§ Information shown:
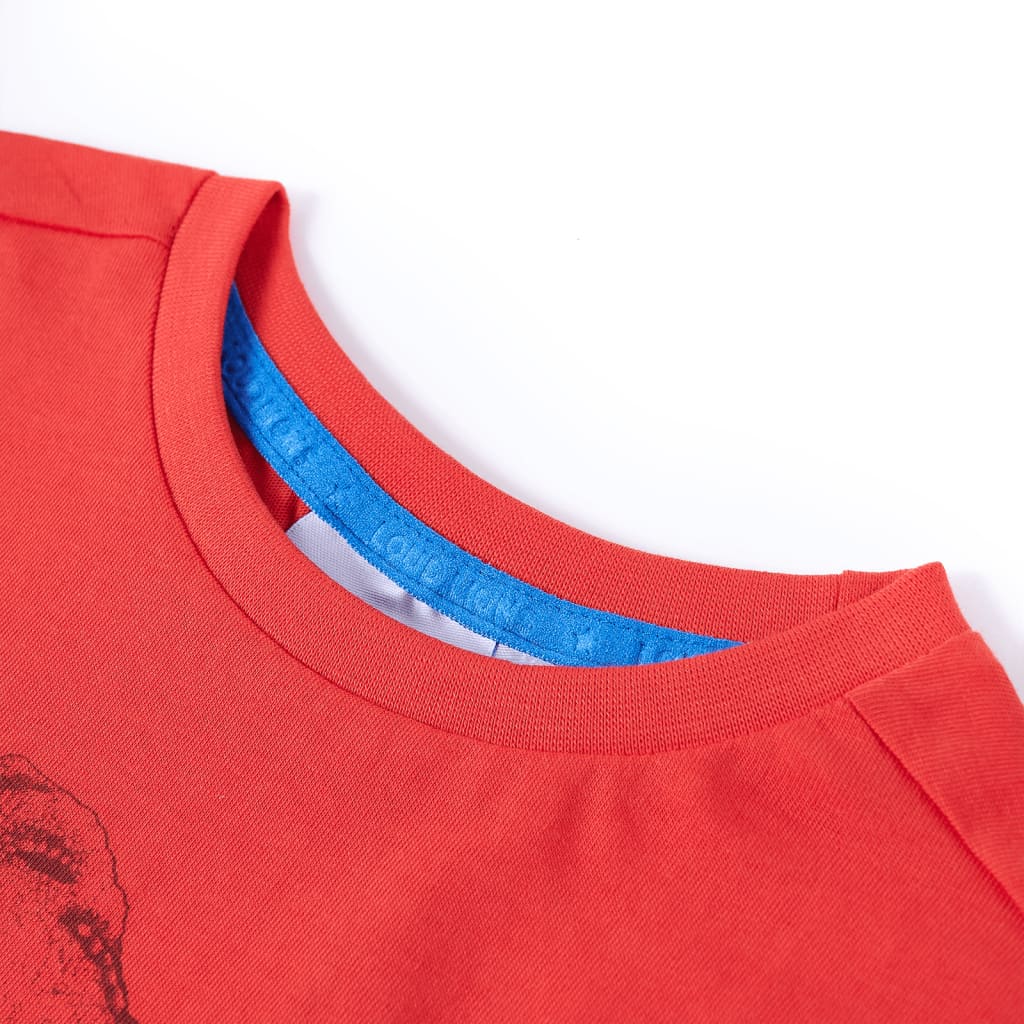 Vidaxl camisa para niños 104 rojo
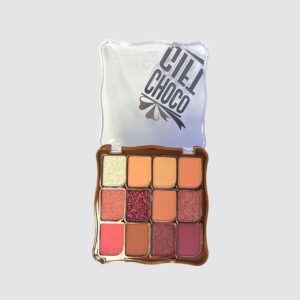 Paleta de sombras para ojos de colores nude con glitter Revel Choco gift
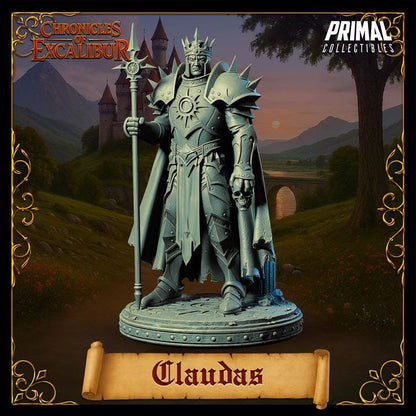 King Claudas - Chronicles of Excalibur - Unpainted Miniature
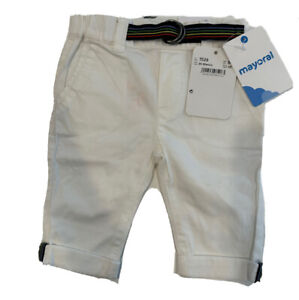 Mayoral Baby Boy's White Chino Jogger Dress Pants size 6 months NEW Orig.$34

§ Instructions to follow:
Could you give the listing again exactly, minus its pictures?

§ Finished task:
 Vidaxl camisa para niños 104 rojo
 Paleta de sombras para ojos de colores nude con glitter Revel Choco gift
 King Claudas - Chronicles of Excalibur - Unpainted Miniature
 Mayoral Baby Boy's White Chino Jogger Dress Pants size 6 months NEW Orig.$34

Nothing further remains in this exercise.